The bottom line, some economists say, is that the labor force might well grow at a slow pace even if job growth picks up and even as discouraged workers return.

This has important implications for everything from how fast the economy can grow to how many jobs it needs to create to hold down unemployment. Economists generally believe the economy needs to create about 150,000 jobs a month to keep up with the addition of new entrants to the labor market. But in a new period of slow labor-force growth, the threshold might be 100,000 or below, according to a recent study by the Federal Reserve Bank of Atlanta.

That might sound like good news because it means less competition for each potential worker. But it's not all good, says Dale Jorgenson, a Harvard economist who specializes in something called growth accounting, which breaks down the engines of economic growth -- most notably productivity growth and changes in the labor force.

While productivity is booming and boosting economic growth, a slow-growing labor force will hold back the economy's overall growth rate in the years ahead, he says. That means less consumption and less investment than some might expect.

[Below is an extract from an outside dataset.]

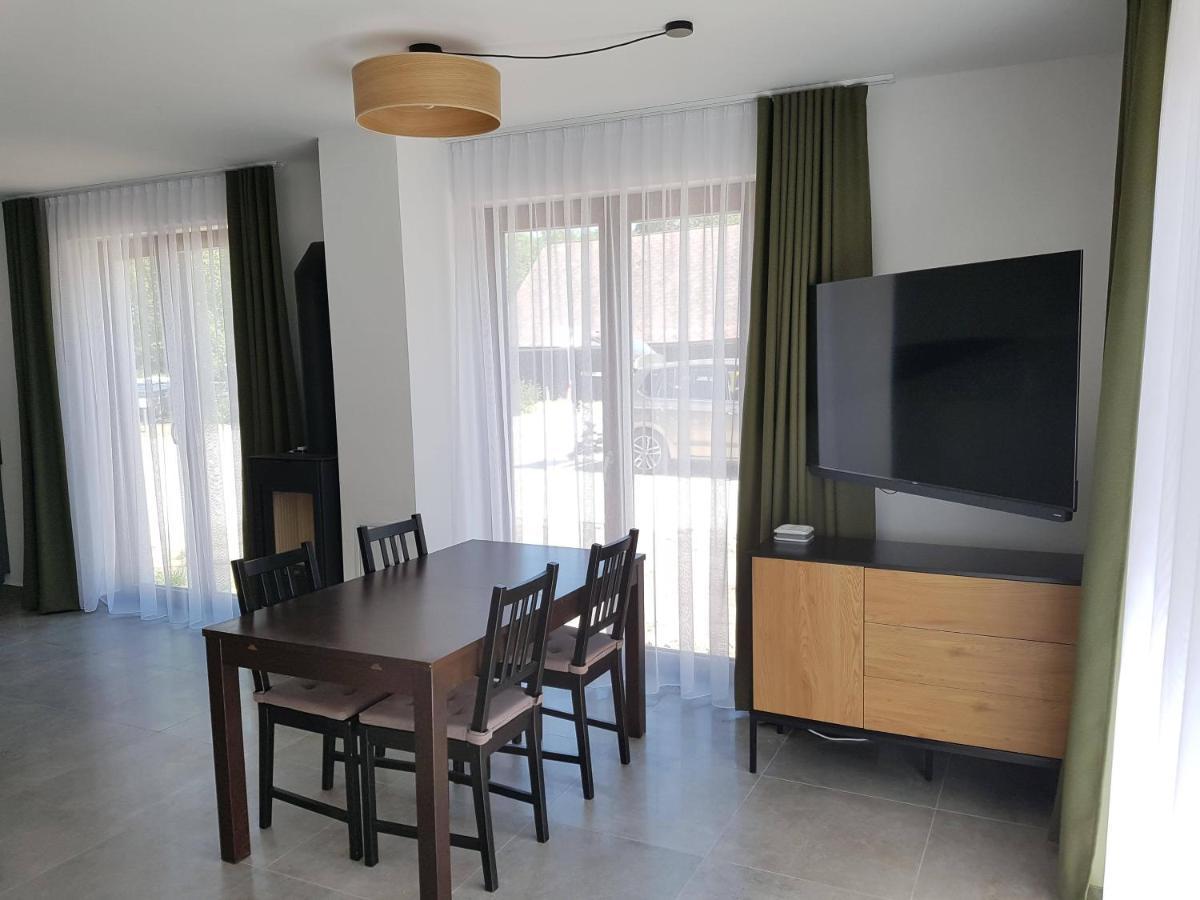 Apartmany Jura Нова-Пец Екстер'єр фото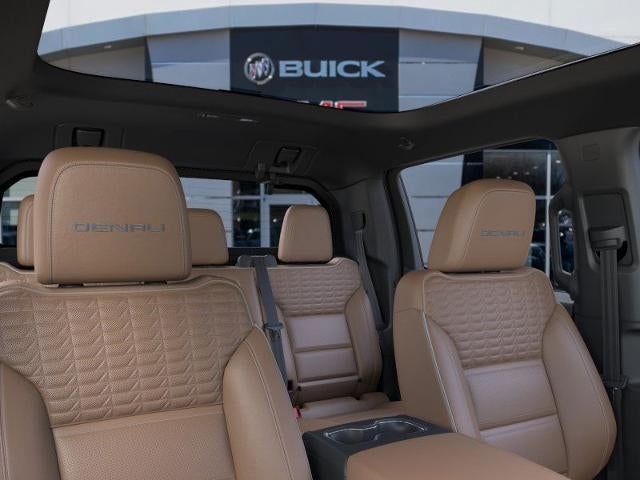 2026 GMC Sierra EV Denali Extended Range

Some private economists believe the economy can grow at a pace of nearly 4% in the years ahead, but Mr. Jorgenson says the growth rate will be just a little more than 3%.

"We're not going to have a return to the 1990s and we better live with it," he says.

In a new set of calculations, he estimates the number of hours Americans clock at work will grow by 0.7% annually in the next 10 years, a sharp slowdown from the pace of roughly 1.5% growth that prevailed from the 1960s through most of the 1990s.

Such a slowdown has long been foreordained, because baby boomers are creeping closer to retirement. But what is surprising is that it is potentially happening now, before the oldest boomers have reached their golden years.

Labor Department statistics, for instance, show sharp increases in the number of women, age 25 to 54, who are out of the labor force and attending to responsibilities at home. This number was declining through most of the 1990s, but then started to rise again in 1999 -- before the recession set in. Between 1999 and 2003 their ranks jumped 13% to 8.8 million, according to data compiled by Labor Department economist Steve Hipple.

"We're at the end of an historic period where female labor-force participation rates had been steadily climbing," says Mr. Jorgenson.

Teens and young workers in their 20s are another driving force in this trend of slow labor-force growth. A recent study by economists at the Federal Reserve Bank of Chicago found young Americans behaved differently in the recent downturn when compared with the downturn of the early 1990s.

Back then, an increasing number of teens and college-age students chose to go to school and work at the same time. But from 2000 to 2002, on the other hand, they stayed in school and moved out of the labor force in large numbers. The authors -- Daniel Aaronson, Ellen Rissman and Daniel Sullivan -- argue young workers are potentially responding to the higher wages that are being earned by workers with high skills by dedicating more time to school and less time to work.

Meanwhile, the number of adult Americans who say they are out of the work force and disabled increased by 18%, or 1.8 million, from 2000 to 2003. The number of people ages 25 to 54 who said they retired increased by 27%, or 234,000.

It all adds up to a labor-force slowdown that has been much more complicated than many economists believe. The wild card in whether this slowdown will persist is older workers. Surprisingly, the oldest workers -- those 65 and over -- are the ones whose labor-force participation rates have picked up the most in the past few years. They are healthier. And if Social Security reform entails an increase in the retirement age -- as some argue it should -- they might find they have to work longer than they expected.